James Moore

Personal information
- Full name: James Gerald Harle Moore
- Born: 18 September 1877 Kaihiku, Otago, New Zealand
- Died: 6 April 1933 (aged 55) St Peters, Sydney, New South Wales, Australia

Domestic team information
- 1905/06: Otago
- Source: ESPNcricinfo, 17 May 2016

= James Moore (New Zealand cricketer) =

New Zealand cricketer (1877–1933)

James Gerald Harle Moore (18 September 1877 – 6 April 1933) was a New Zealand cricketer. He played two first-class matches for Otago during the 1905–06 season.

Moore was born at Kaihiku in Otago in 1877 and later lived in the Caversham area of Dunedin. He served as a private in the Boer War in the 9th (Otago) Company, part of the 4th New Zealand Contingent. He later wrote a book, With the Fourth New Zealand Rough Riders, about his service in South Africa.
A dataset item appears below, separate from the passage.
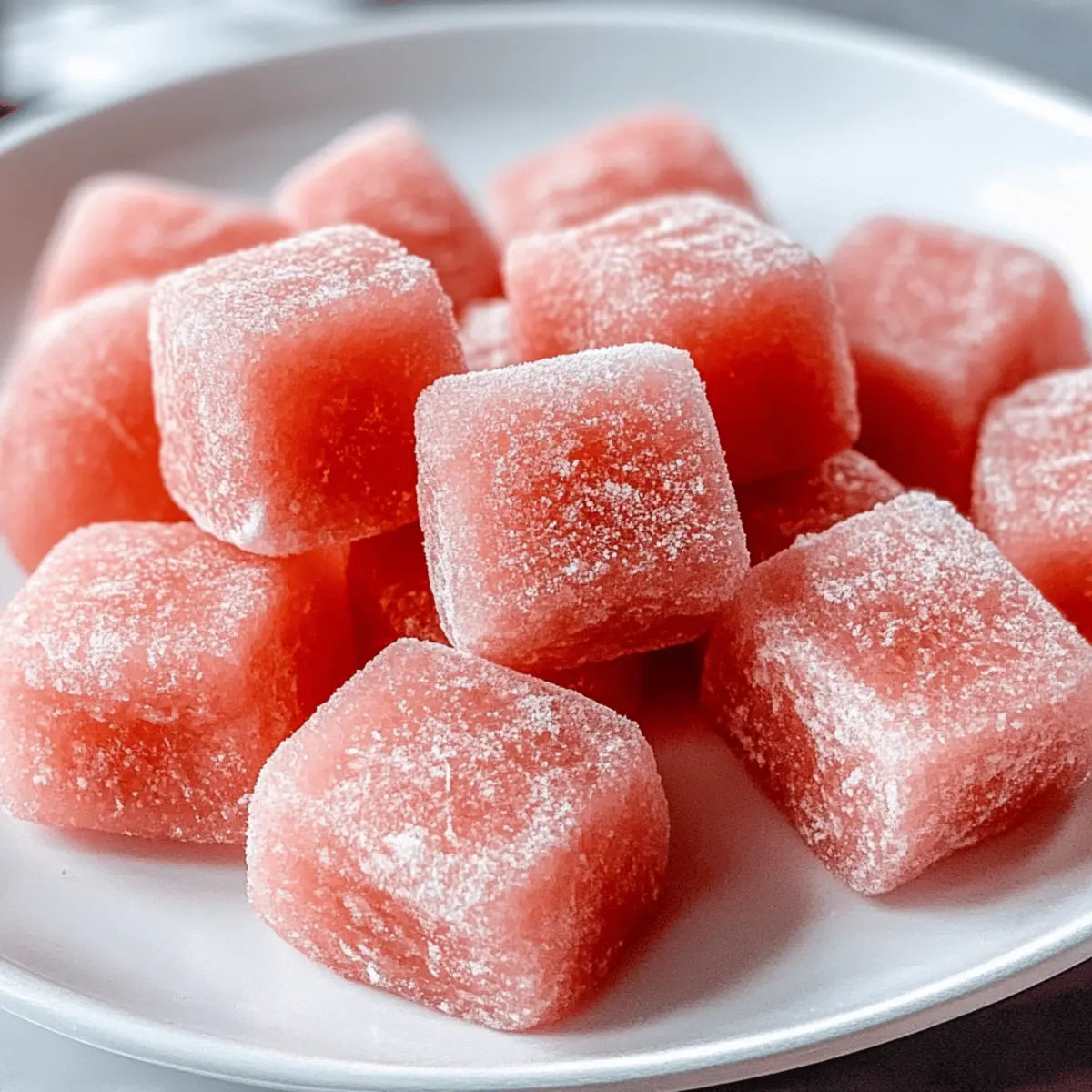 Watermelon Mochi uvfwlz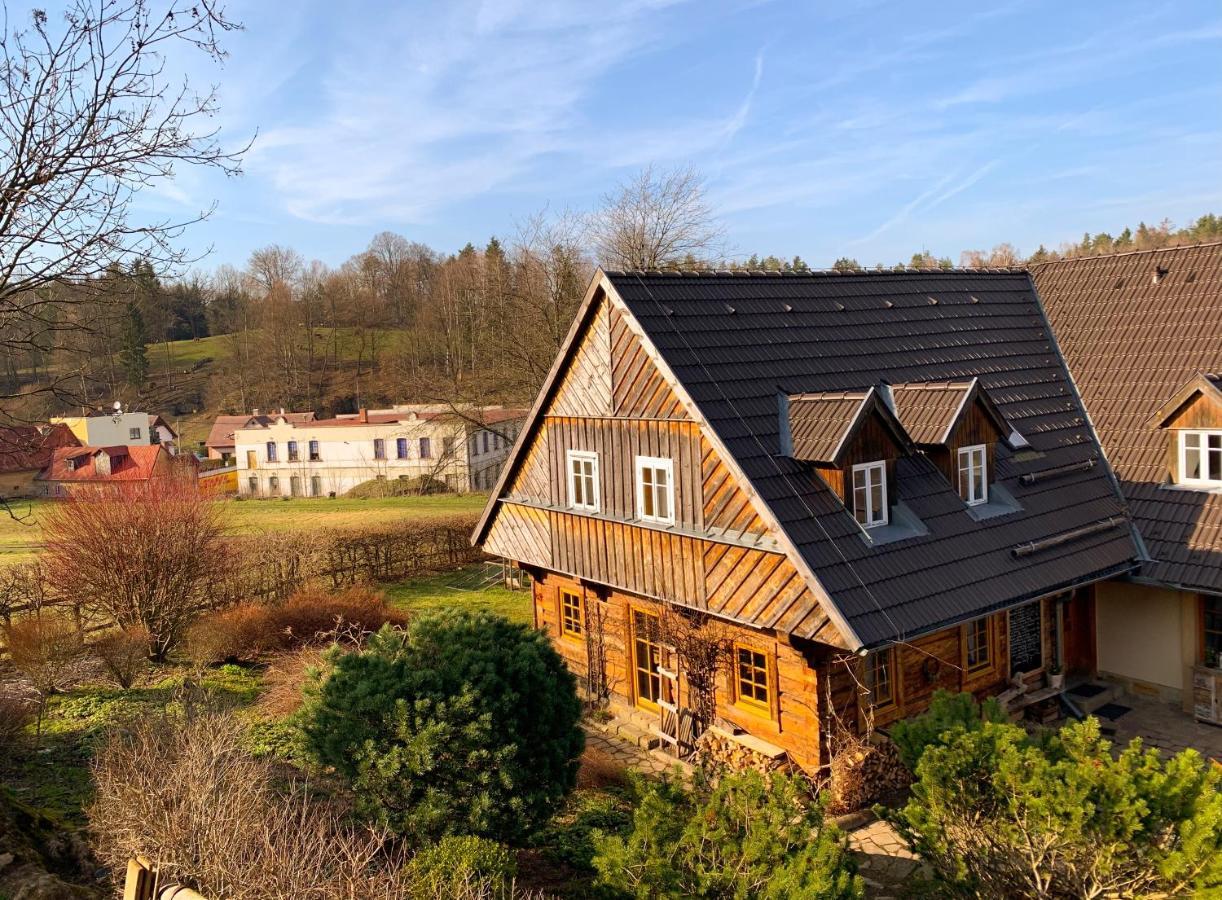 Penzion Na Stodolci Хршибска Экстерьер фото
Moore played in both of Otago's first-class matches during the 1905–06 season, making a pair his debut for the representative side against Canterbury at Christchurch in a match starting on Christmas Day 1905. He fared little better against Auckland in early January, scoring one run in the first innings and recording another duck in the second.

Professionally Moore worked as a woolclasser at Mosgiel Woollen Mill and was for a time the representative of the New Zealand government in Argentina. He died at the Sydney suburb of St Peters in 1933 at the age of 55.